It was originally a secret escape route from the Templar fortress to the sea in case of an attack, a distance of 350 meters. Later on it was used to smuggle goods into the city. Going through the tunnel gives you a really eerie claustrophobic feeling - history just doesn't get any cooler than that.

6. Floating in the Dead Sea

The health benefits of the Dead Sea salt water are well-documented.
The health benefits of the Dead Sea salt water are well-documented. | Source

At 400 meters below sea level, the Dead Sea is the lowest spot on the face of the earth.

It's basically a big salt lake. It's so salty that there are absolutely no life forms living in it. It also means that people can easily float in the Dead Sea due to buoyancy.

The water actually feels kind of slippery to the touch, and the skin gets ultra-dry because of the abundance of minerals in the water, so an immediate shower is preferable.

The main thing you need to know about taking a dip in the Dead Sea is: NO SPLASHING. The salty water hurts like hell when it gets into your eyes, so every movement in the Dead Sea has to be slow and careful. Minimal swimming, no jumps, and absolutely no diving! Also, about 30 minutes is the recommended duration of time in the "dead" water, anything longer than that is unnecessary.

7. Learning about Bahá'í faith at the Bahai Gardens (Haifa)

View over Haifa bay, Israel.
View over Haifa bay, Israel. | Source

Sophisticated geometrical landscape design surrounding the golden dome of the shrine...Natural beauty and architecture. Harmony and elegance. Those are the words that come to mind when I think of the Bahai Gardens in Haifa.

Turns out, Israel is the world center of yet another religion - Bahai. Bahai (Bahá'í) is a sort of utopian philosophy that emphasizes the oneness of mankind, universal peace, equality and the common foundation of all religions.

Although Bahai is a modern religion, it has rich traditions intertwined with other spiritual traditions. The shrine itself has nine sides representing nine major world religions, and the gardens are designed in nine concentric circles with the shrine at the center. They were inspired by the tenants of the Bahai faith.

This is probably one of the most beautiful (and meticulously maintained) places in the world. The admission is free, you can learn about the Bahai faith, and the view over Haifa bay is breathtaking.

Visiting hours for the Inner gardens: 9:00–12:00 daily; for the Outer gardens: 9:00–17:00 daily.

Bahai Gardens in Haifa, Israel
Bahai Gardens in Haifa, Israel | Source

8. Seeing the Dome of the Rock up-close (Jerusalem)

The Dome of the Rock (Qubbat al-Sakhra)
The Dome of the Rock (Qubbat al-Sakhra) | Source

Ideally, you would want to see it inside and out, but that option is only available to Muslims, so unless you're one, the next best thing is seeing it up-close, but from the outside.
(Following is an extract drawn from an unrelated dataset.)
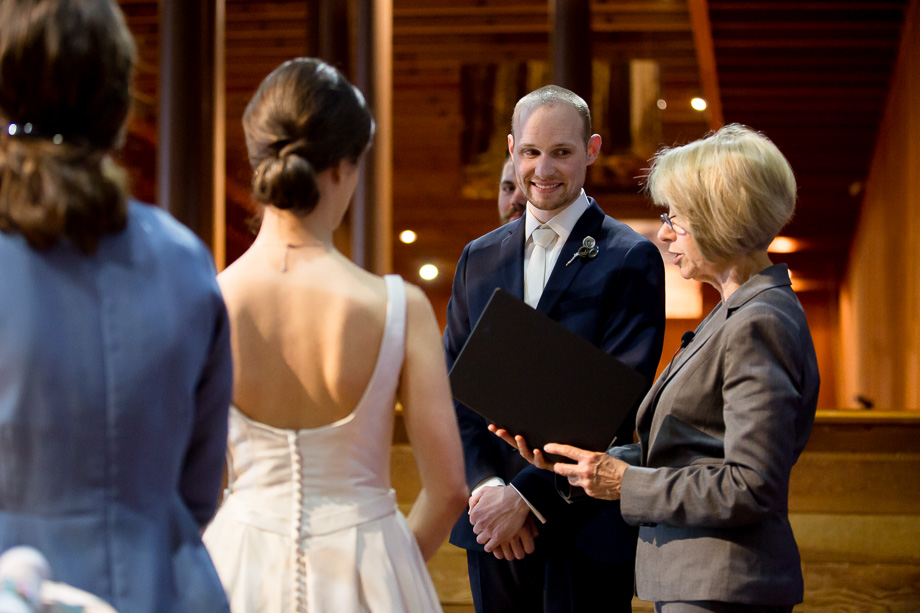 happy groom at the indoor ceremony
The Dome of the Rock is a 7th-century Muslim shrine (not a mosque as some erroneously believe), and a masterpiece of Islamic architecture. It's built on the holiest site in Jerusalem - the Temple Mount.

Everyone considers the site sacred, but for different reasons. To Muslims, this is the site of the stone from which Muḥammad is believed to have ascended to heaven. The Dome of the Rock (Qubbat al-Sakhra) was built on top of it. In Jewish tradition, this is the same spot on which Abraham prepared to sacrifice his son Isaac, and the site of the Solomon Temple. This is the direction to which Jews turn during prayer. And to Christians, the site is holy because...Jesus probably walked on it or something.

The Dome is only open to Muslims (8:30 to 3 p.m. daily), but at certain times (early in the morning and one hour in the afternoon, Sun-Thur) non-Muslims can visit the shrine's courtyard. Not many people know that because we were the only non-Muslim group around the Dome, and quite honestly, we got a few unfriendly glares from the group of Muslim men praying.

So this is a really religious site. If you do decide to visit, be prepared to endure some waiting in line, possibly in the blazing sun, and then going through tight security. Women's knees and shoulders should be covered, and no midriffs either! Men's knees should also be covered, so if your shorts aren't long enough, you'll be asked to wrap a scarf around yourself or something. Also - no religious symbols. We were told to put away all crosses, stars of David, pentagrams etc.

I was actually nervous going through the security because I had a rainbow hand fan in my bag from the gay parade I attended a few days earlier. I figured, if they don't like crosses, a gay hand fan might be an issue. But the security guard looked at it apathetically, with no glimmer of recognition, and put it back in a bag.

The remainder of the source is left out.